Saint Alphonse de Liguori
images/icones/pelerouin1.gif  ( 985173 )Sur un tel sujet par Jean-Paul PARFU (2025-03-13 20:07:20) 
[en réponse à 985168]

Il me semble que l'on doive distinguer la relation directe avec Dieu et la relation indirecte avec Dieu.

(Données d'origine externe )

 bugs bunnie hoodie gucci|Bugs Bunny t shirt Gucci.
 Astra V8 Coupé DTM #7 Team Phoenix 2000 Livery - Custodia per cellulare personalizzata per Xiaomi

- La relation directe avec Dieu résulte d'une grande grâce dont on a mal usée ou dont Dieu estime que la personne, qui en a été favorisée, l'a en fait refusée (par exemple, par manque de réception spontanée dans la foi, l'espérance et la charité). Là, il y a sanction, y compris dans cette vie !

- La relation indirecte qui est celle, la plupart du temps, de tout un chacun, baptisé ou ayant finalement vocation à l'être, c'est-à-dire la plupart des hommes. Dans ce cadre, Dieu fait le plus souvent preuve de patience et, eu égard à Sa Providence naturelle et à Sa Providence surnaturelle, attend, en quelque sorte, la mort de la personne pour la sanctionner, si nécessaire.

D'où une apparence d'injustice, puisque des hommes qui ont eu une relation directe avec Dieu, mais qui ont commis une faute qui peut même sembler parfois légère, de surcroît pardonnée (car Dieu dans ce cadre fait en sorte que la personne agisse sous l'impulsion de la grâce de manière à être pardonnée), mais qui devront pourtant l'expier toute leur vie (justice vengeresse de Dieu), tandis que des hommes qui n'ont pas eu cette relation et se contentent de vivre, et même de vivre très mal, ne sentiront le poids de la justice divine que via les circonstances de la vie qui briseront éventuellement ou mettront un frein à leur hubris ou qu'après leur mort.